### Extracted data entries
********************

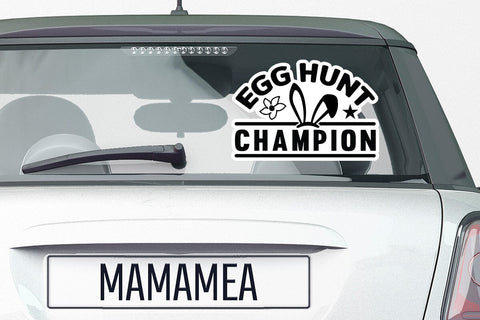 Egg Hunt Champion SVG Angelina750 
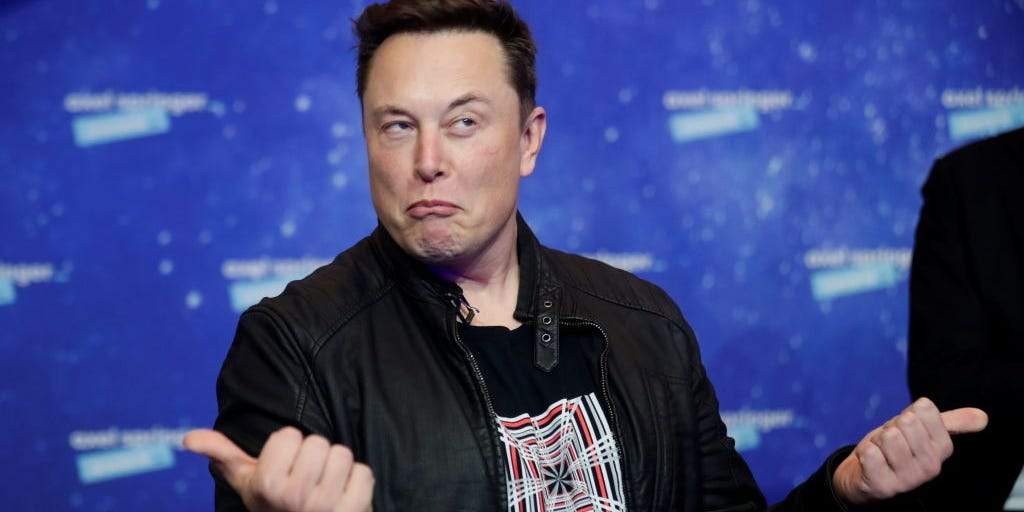 Billionaire Elon Musk thinks crypto exchange Coinbase ...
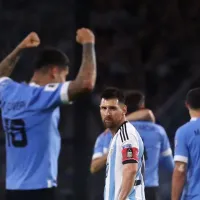 Uruguay le ROBA el triunfo a Argentina en La Bombonera
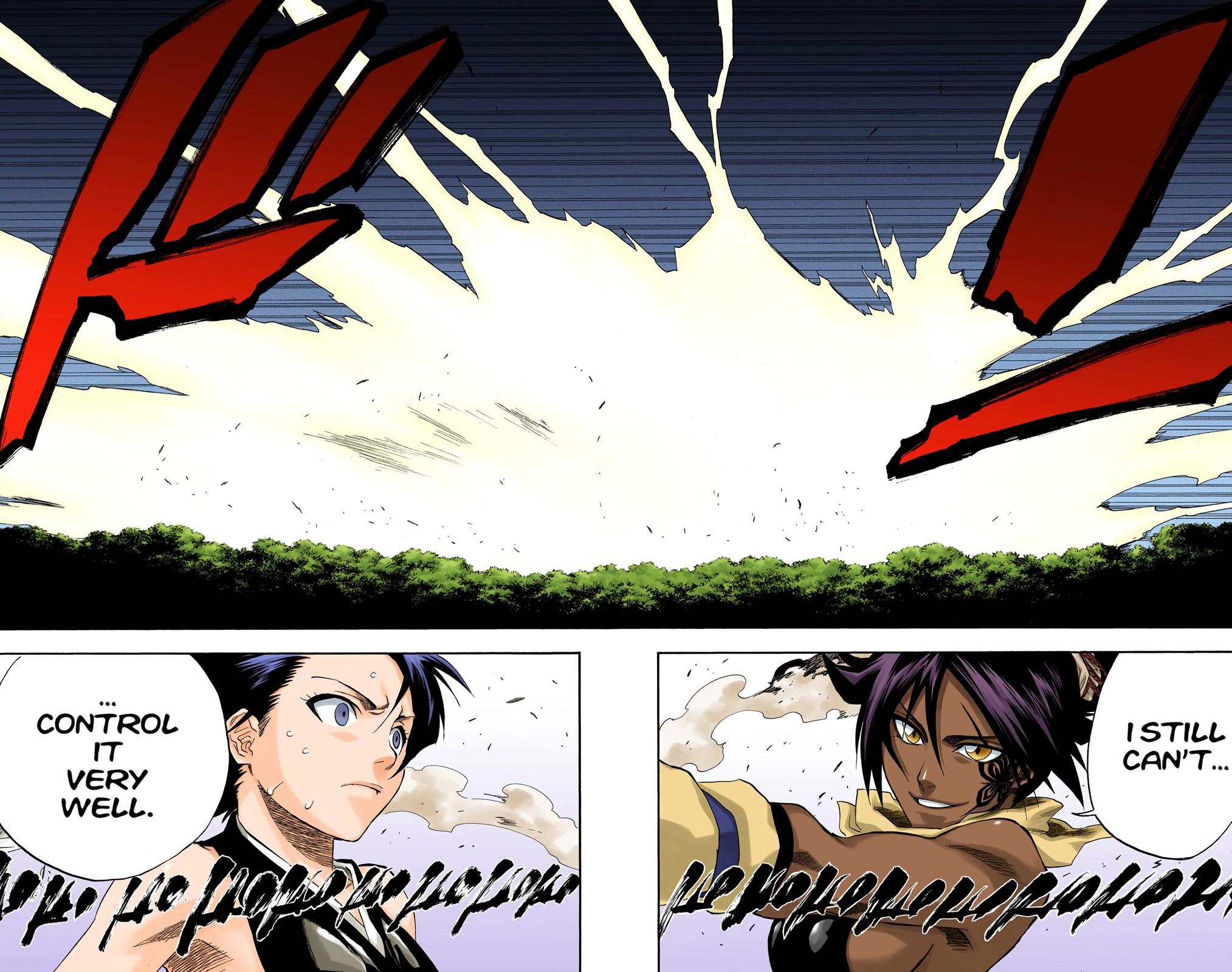 Read Bleach (Color) Manga Online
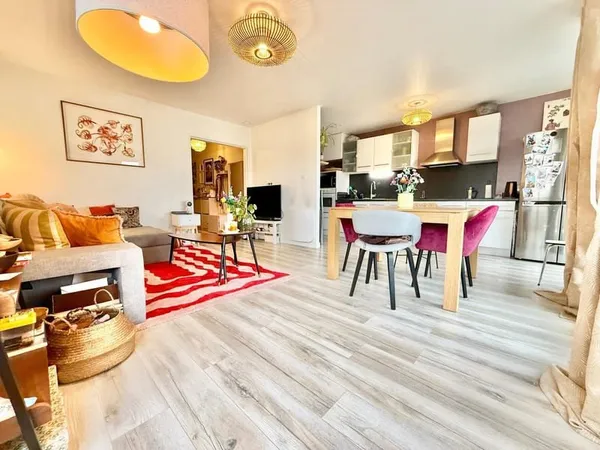 Appartement coup de coeur
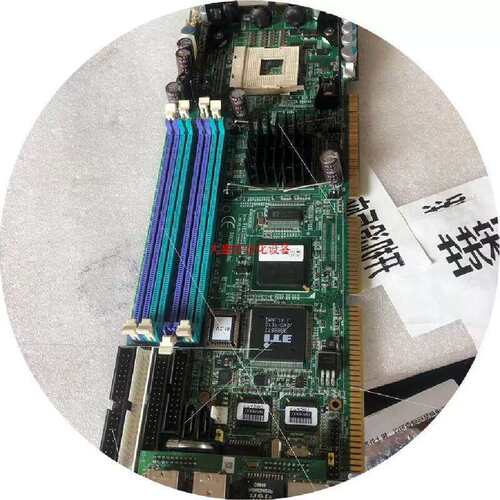 议价 主板PCA-6187G2REV:A2双网口三片
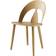FDB Møbler J45 Natural Køkkenstol 78cm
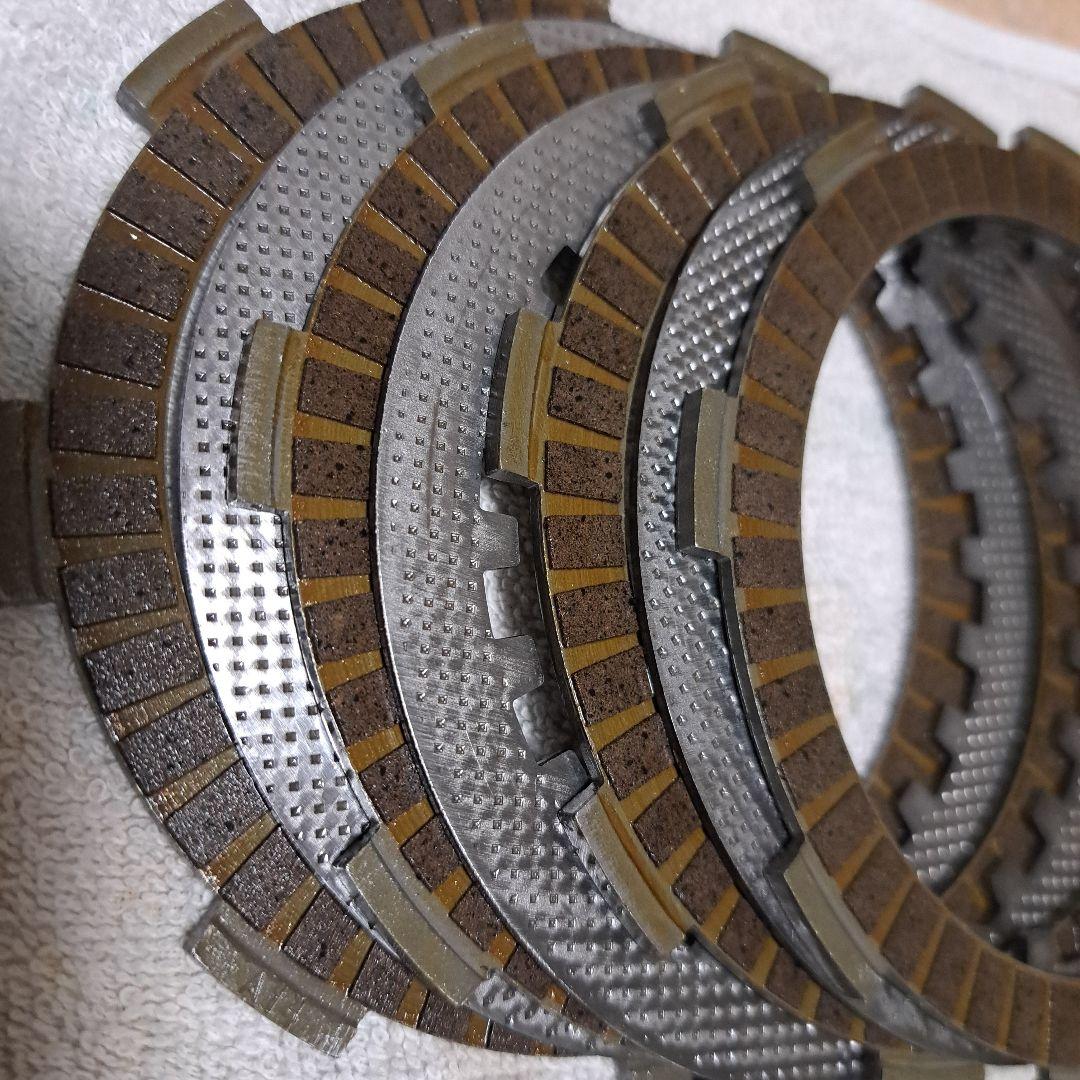 CD90クラッチカバー他セット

********************

### WHAT YOU HAVE TO DO
Could you set down verbatim the lines from the beginning of the entries above through the line containing "FDB Møbler J45 Natural Køkkenstol 78cm", both included, leaving out the pictures?

### TASK SOLUTION
 Egg Hunt Champion SVG Angelina750 
 Billionaire Elon Musk thinks crypto exchange Coinbase ...
 Uruguay le ROBA el triunfo a Argentina en La Bombonera
 Read Bleach (Color) Manga Online
 Appartement coup de coeur
 议价 主板PCA-6187G2REV:A2双网口三片
FDB Møbler J45 Natural Køkkenstol 78cm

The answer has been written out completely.